--- START ---

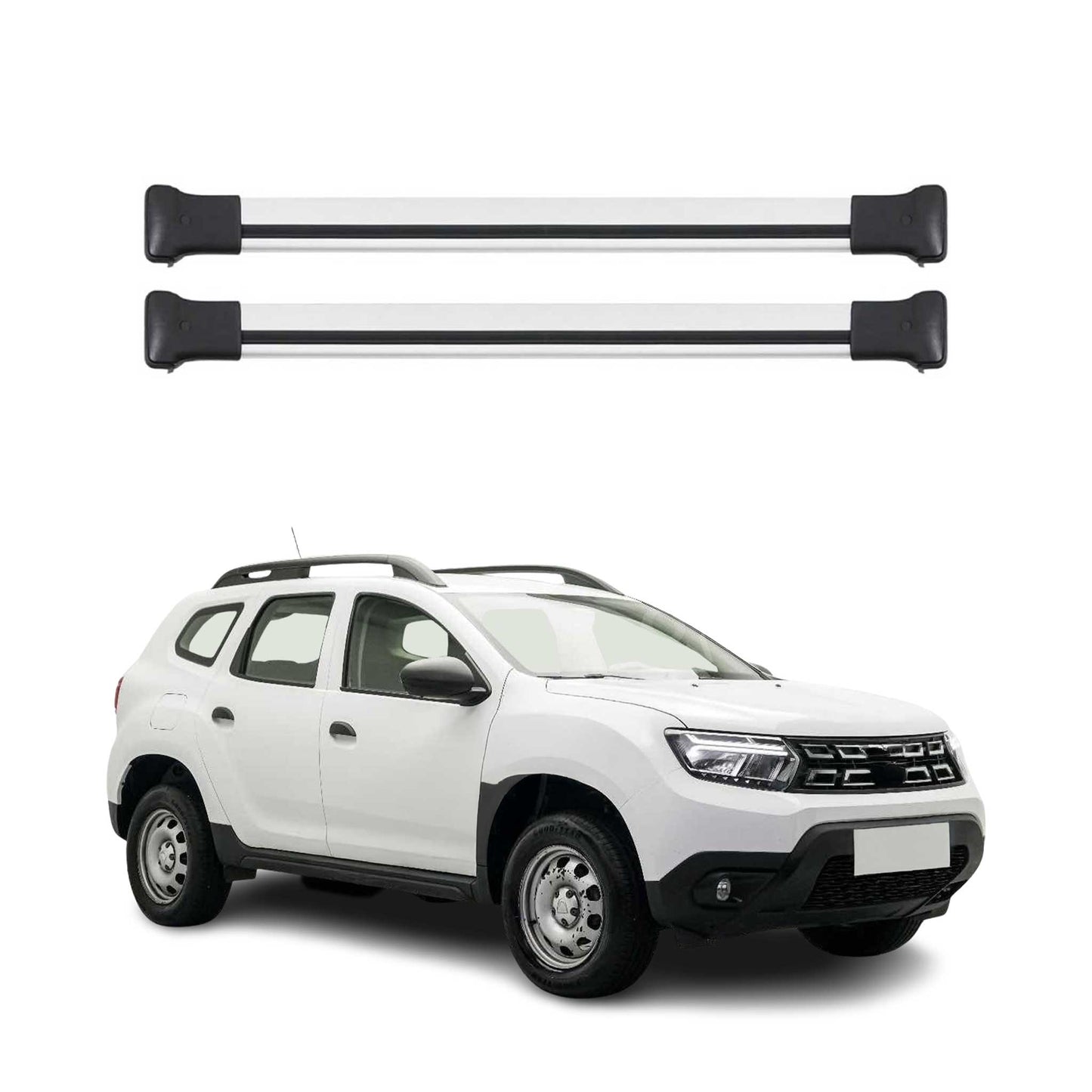 Portbagaj de plafon Dacia Duster mk2 2018-2023 75kg aluminiu argintiu 2 buc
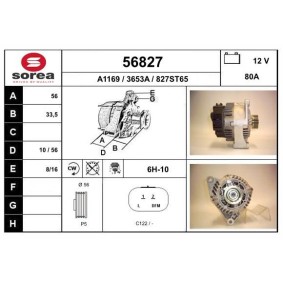 Lichtmaschine 56827 für 206 Schrägheck (2A/C) für 109,19 CHF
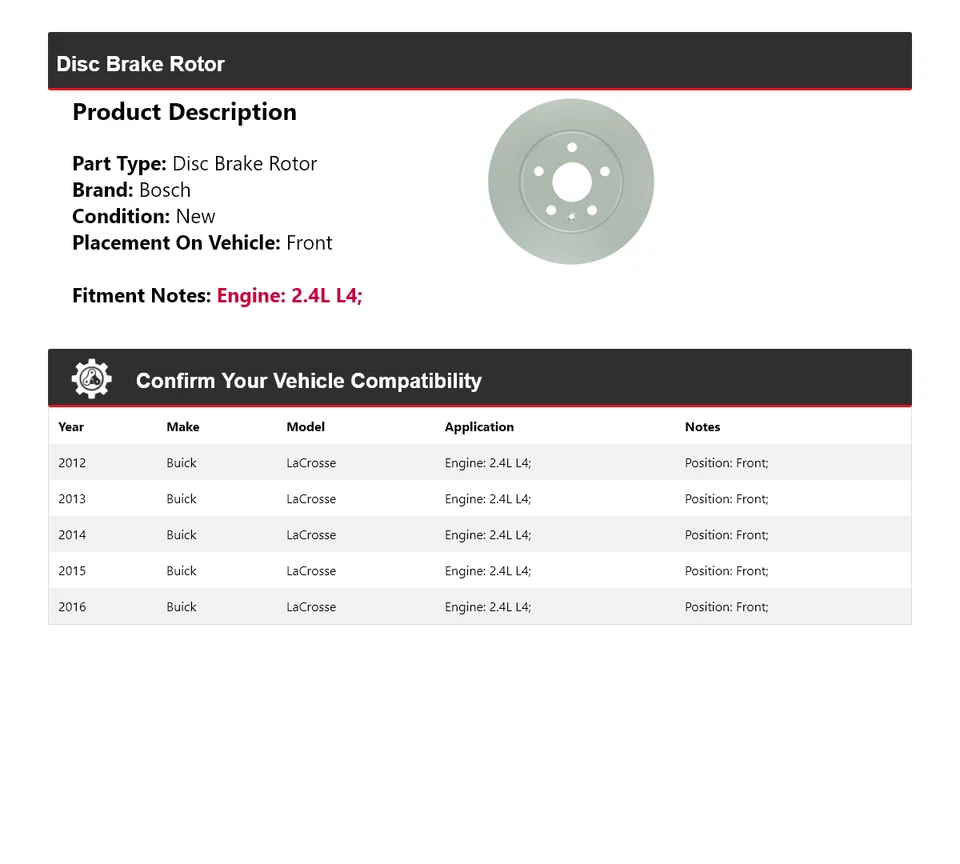 Rotor de freno de disco delantero 2013 para Buick LaCrosse 2012-2016 2,4 L L4 Bosch QuietCast Foto 2 de 4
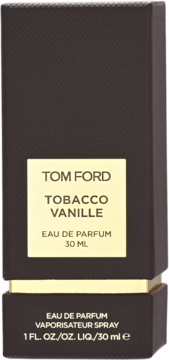 Ciemne, pionowe pudełko perfum Tom Ford Tobacco Vanille 30 ml, ze złotymi etykietami EAU DE PARFUM, widok z przodu.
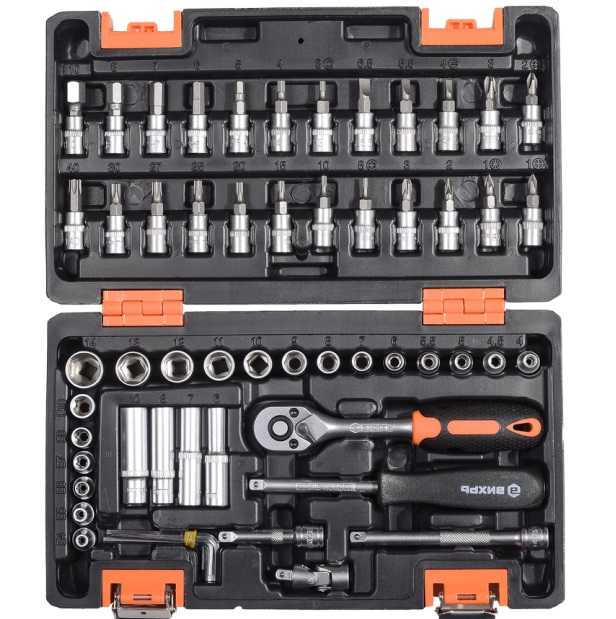 Набор инструментов, 1/4" , CrV, в кейсе 57 предм ВИХРЬ 73/6/7/2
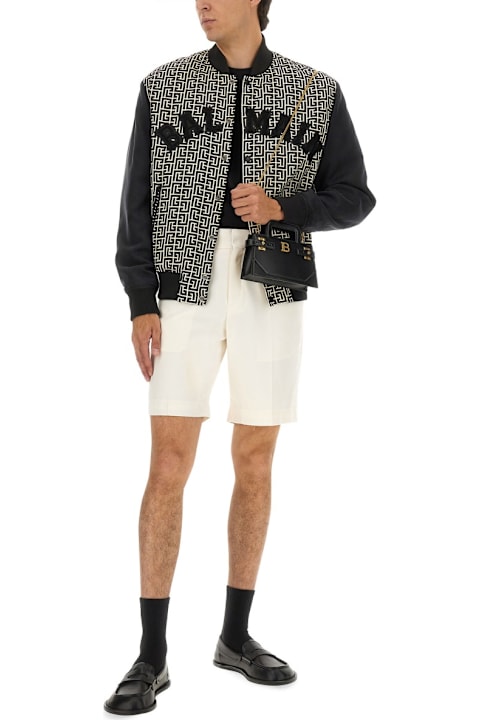 Balmain Coats & Jackets for Men Balmain Monogrammed Varsity Jacket With Patches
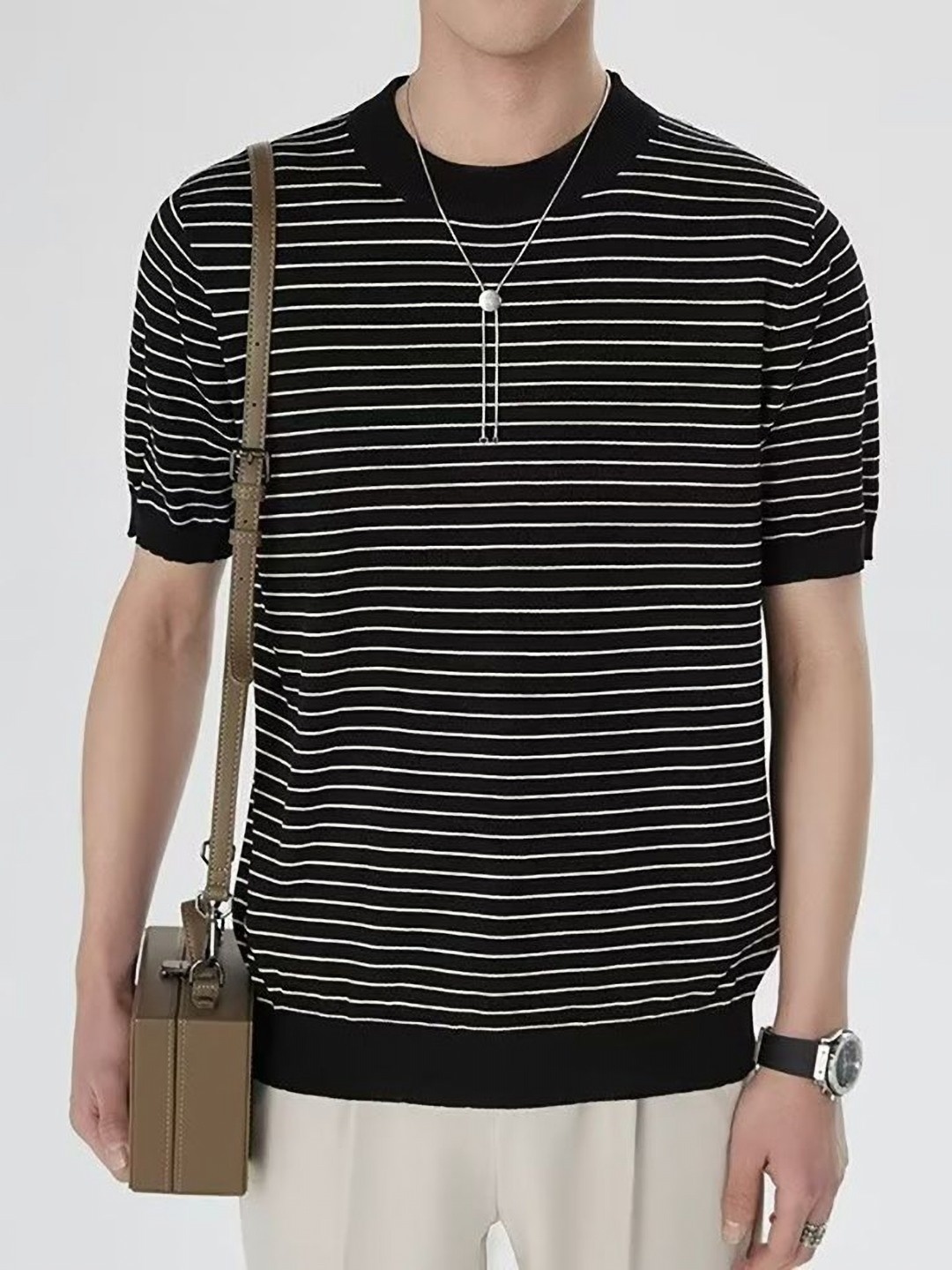 

StyleCast x Revolte Men Striped Round Neck T-shirt, Black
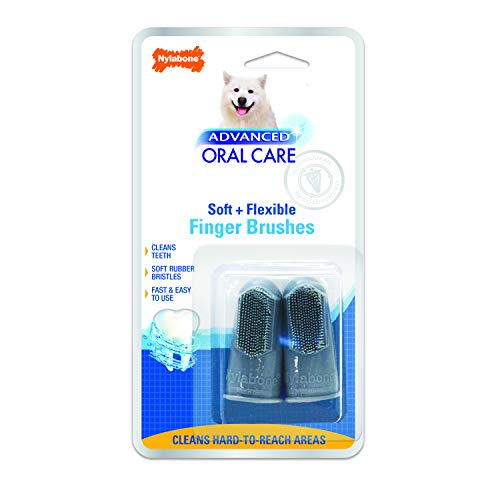 Nylabone Advanced Oral Care Dog Finger Brush, 2 pack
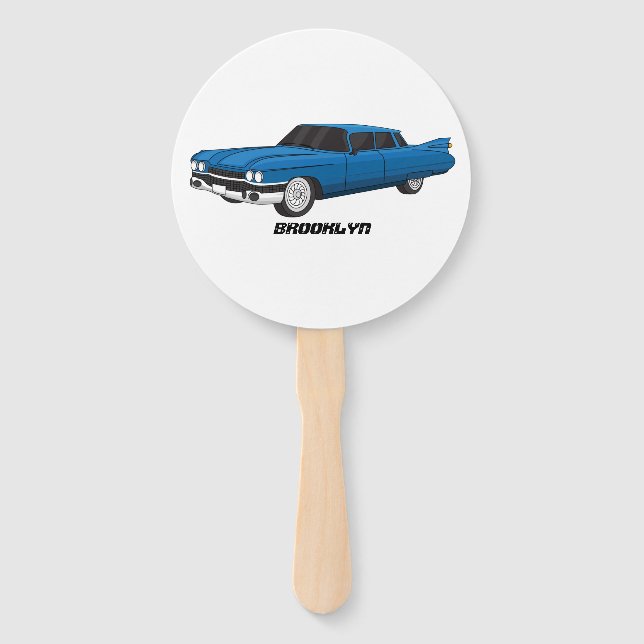Cool-blau-Oldtimer 1959 Fächer (Vorderseite)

--- END ---

_What this task involves_
Write the lines from the line containing "StyleCast x Revolte" through the last line of the data out again exactly, and only those lines; pictures stay out.

_Output for this task_
StyleCast x Revolte Men Striped Round Neck T-shirt, Black
 Nylabone Advanced Oral Care Dog Finger Brush, 2 pack
Cool-blau-Oldtimer 1959 Fächer (Vorderseite)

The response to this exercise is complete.